Sexo, mucho y del bueno

En días pasados asistí a la obra de teatro con el sugestivo título “Sexo, Sexo, Sexo, el musical”, del dramaturgo Sergio Álvarez. Una obra valiente, imaginativa y de excelente factura, desarrollada por jóvenes actores llenos de talento.

Es curioso. Dice el lugar común que los católicos le tenemos miedo al sexo. Sin embargo, mientras más cercanos estamos a la Iglesia, más reflexionamos al respecto y más platicamos con nuestros hijos sobre sexualidad. La verdad es que nos encanta el sexo, lo practicamos con dedicación y delectación. No hemos perdido el buen humor al respecto –tan escaso en estos días–, tenemos la tasa de natalidad más alta, somos las parejas adoptantes más asiduas y tenemos los matrimonios de más larga duración.

¿Cómo se logra “exxo sin sexo”? No hay modo. Que seamos discretos es otro asunto. Puesto que no lo presumimos, lo gozamos. No estoy planteando una hipótesis, sino expresando una realidad que he observado a lo largo de mi vida eclesial.

Lo que hace diferentes a los católicos es que no nos tragamos la cultura que hace del sexo una mercancía, legal o ilegal, da lo mismo, porque convierte a las personas en objetos de uso y desecho. El sexualismo es un vehículo de cosificación perfecto, pues apela al más básico de nuestros instintos, como es la reproducción de la especie; pero sin reproducirla. ¡Pingüe negociazo!

La sexualidad está en crisis y pocos se atreven a comentarlo. ¡Es tan políticamente incorrecto decirlo! Su instrumentalización se adorna con un inmenso aparato propagandístico que daría envidia a Goebbels. Hoy se presume de hipersexualidad, cuando en realidad se trata de una sexualidad insatisfecha en grado tal, que es necesario practicarla compulsivamente, o por lo menos presumirlo.

El origen de semejante crisis no encierra mayor misterio: Donde falta amor, libertad y responsabilidad; donde está ausente el sentido de entrega, donde eros que es pasión, no se acompaña de ágape que es donación, la sexualidad se estropea, porque se convierte en un juego narcisista. No vivimos una época de libertad sexual, mucho menos de libertinaje, sino de sexualidad frustrada. Cabe el viejo dicho: “dime de qué presumes y te diré de qué careces”.

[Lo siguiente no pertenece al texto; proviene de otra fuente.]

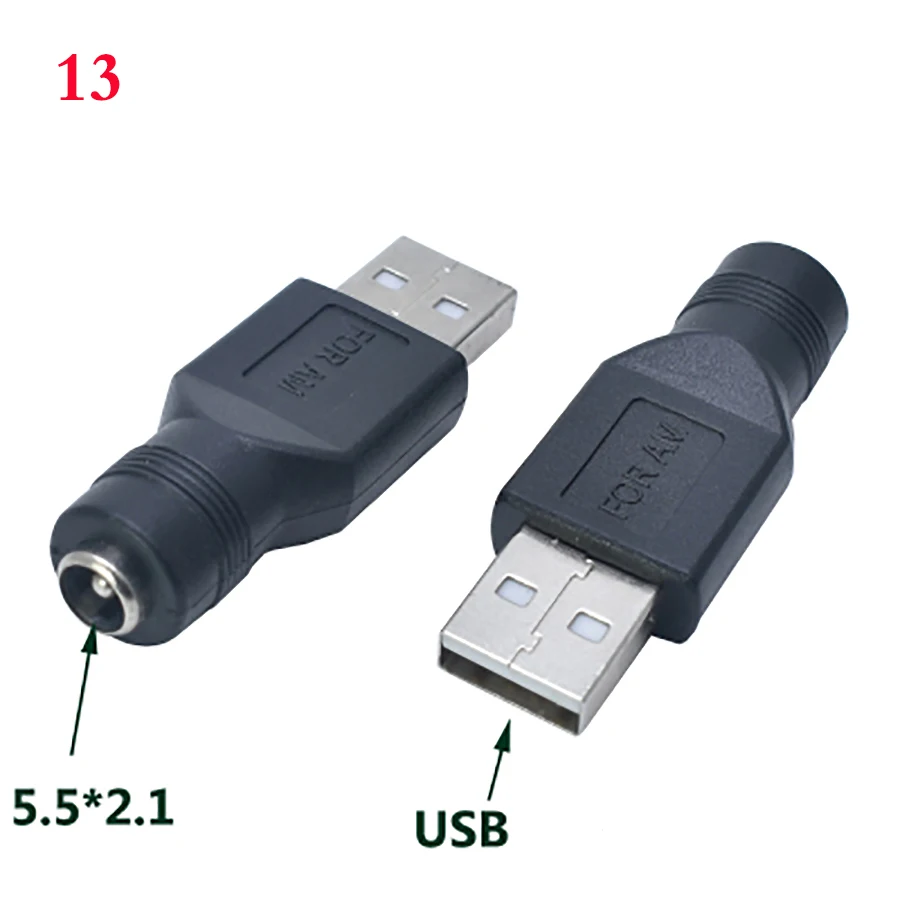 1 шт. общий DC мощность мужчин и женщин 6,5*4,4/4,0X1,7/3,0*1,1/5,5*2,5/usb к 5,5*2,1 разъем конвертер адаптер для ноутбука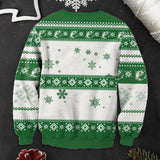 Merry Fishmas - Personalized Fishing Ugly Sweater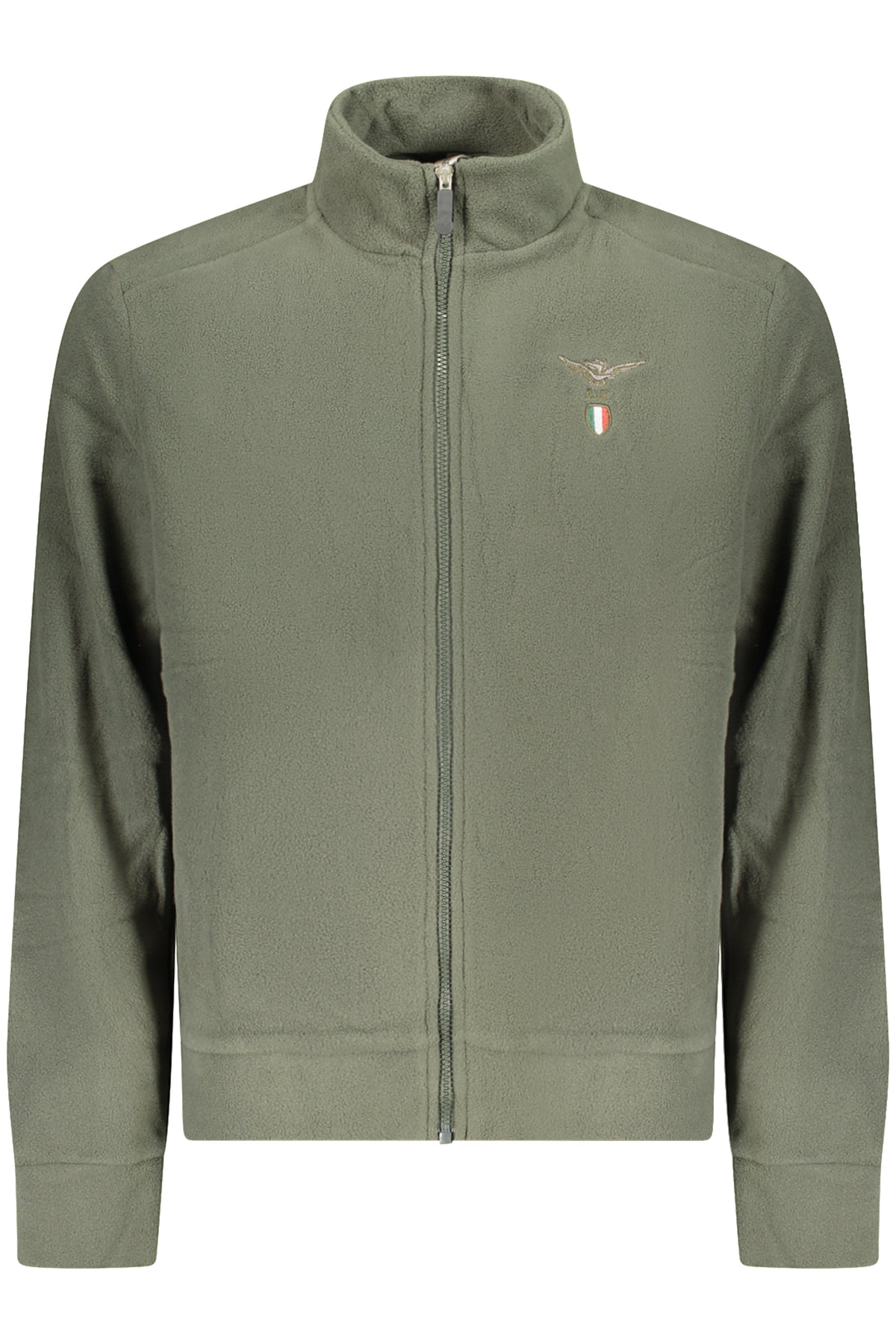 MILITARY ACADEMY MEN'S GREEN ZIP-UP SWEATSHIRT
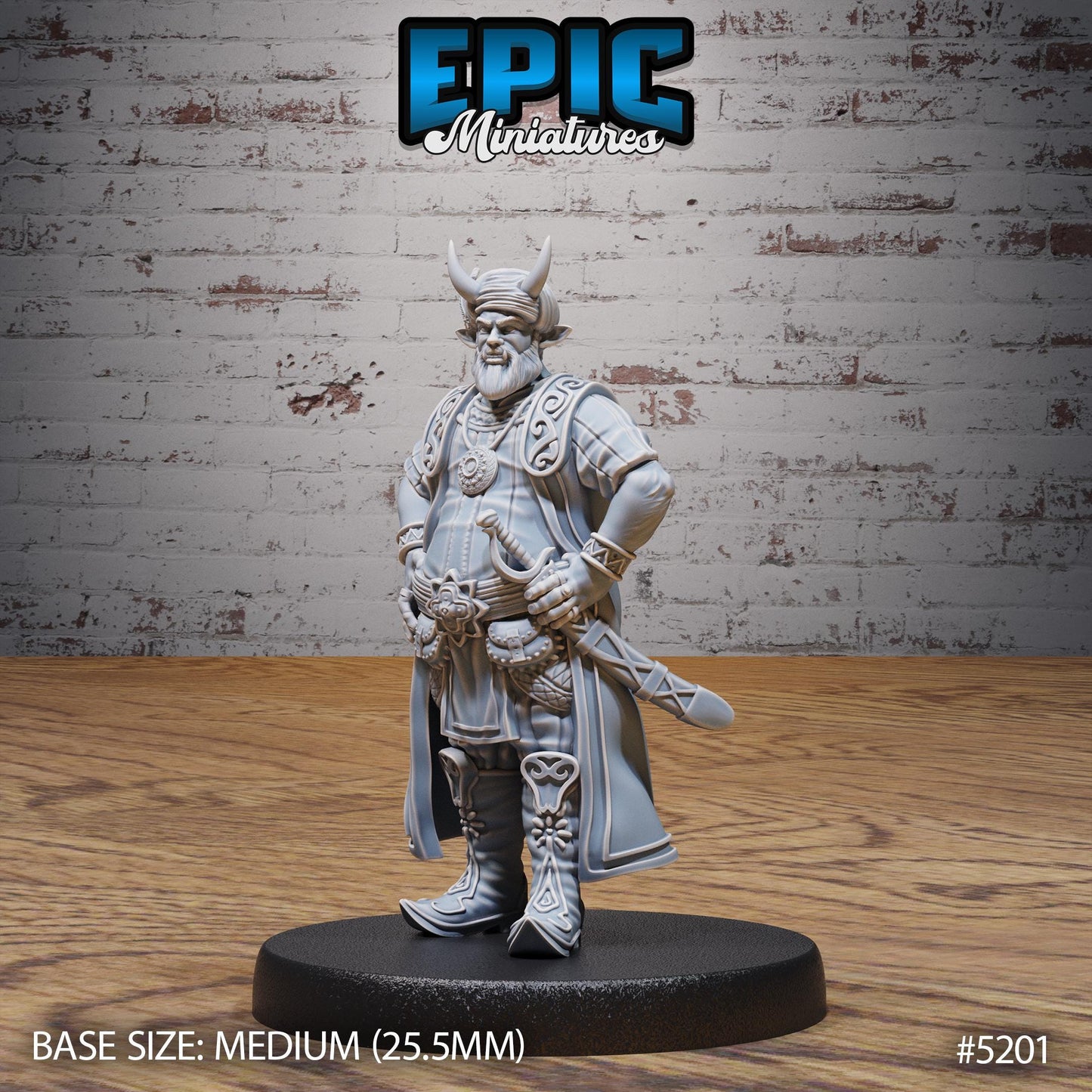 Tiefling Merchant (Medium) | #118 - Oriental Fortress - EPIC | NPC, Citizen, Bow, Shopkeeper, Trader, Vendor, Sword, Furs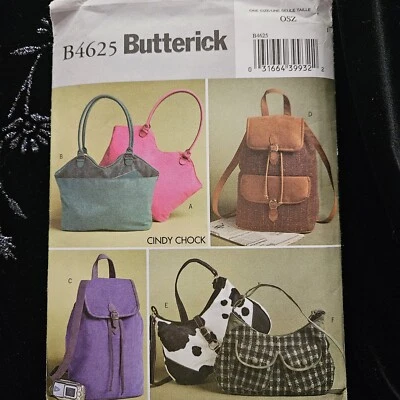 Butterick #B4625 Purse Pattern New Uncut From 2005 Vintage  - Image 1 of 4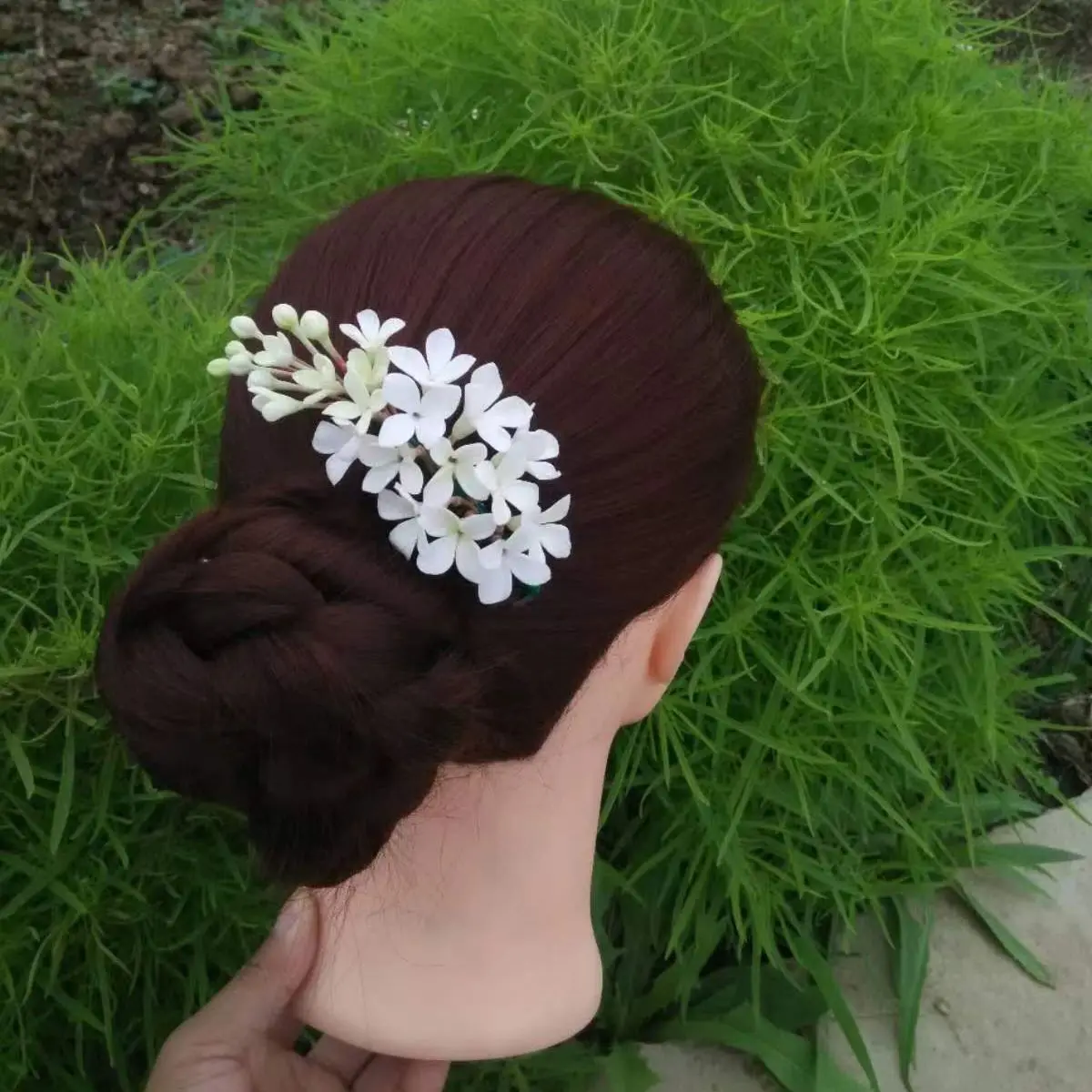 

LALAVARA Clearance Flower Hair Accessories Women Qipao Hanfu Kanzashi Headpiece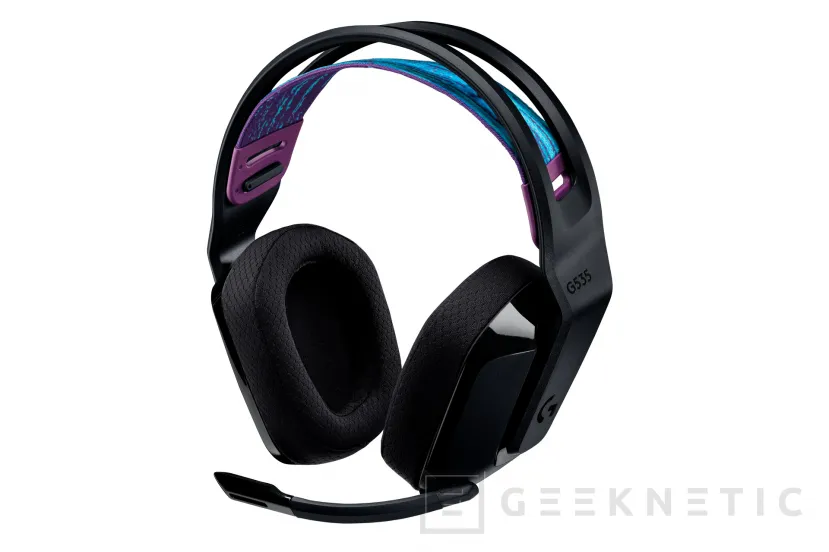 Geeknetic Logitech lanza los nuevos auriculares G535 LIGHTSPEED para gaming con solo 236 gramos de peso 3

La obra de teatro que provoca estas reflexiones trata este problema sin anestesia y con fino sentido del humor. Aborda sin moralismos, ni moralinas, que es mejor, las situaciones cotidianas de la sexualidad que enfrentan los jóvenes, en un contexto social donde la familia empieza a brillar por su ausencia. Con sencillez presenta el dilema de nuestros días: la sexualidad se integra a nuestra persona con dignidad, o nos conduce a la frustración y la soledad.

Es necesario volver a humanizar nuestra sexualidad mostrando su belleza, como la aventura que es, en la cual crecemos gradualmente, paso a paso, donde aprendemos a formar comunidad con nuestra pareja. Por eso mismo, empieza su etapa de plenitud sólo cuando afirmamos un compromiso “hasta que la muerte nos separe”. No importa cuántas veces reguemos el tepache. Dios siempre hace nuevas todas las cosas y en Él siempre hay una nueva oportunidad.

Los católicos, aquí y ahora, estamos llamados a ser un escándalo frente al marketing del hipersexualismo. No porque seamos esclavos de prejuicios, sino por la libertad con que deseamos vivir nuestra sexualidad a lo largo de una vida plena de donación, y no frustrada por ratitos de autocontemplación en el vacío espejo de Narciso.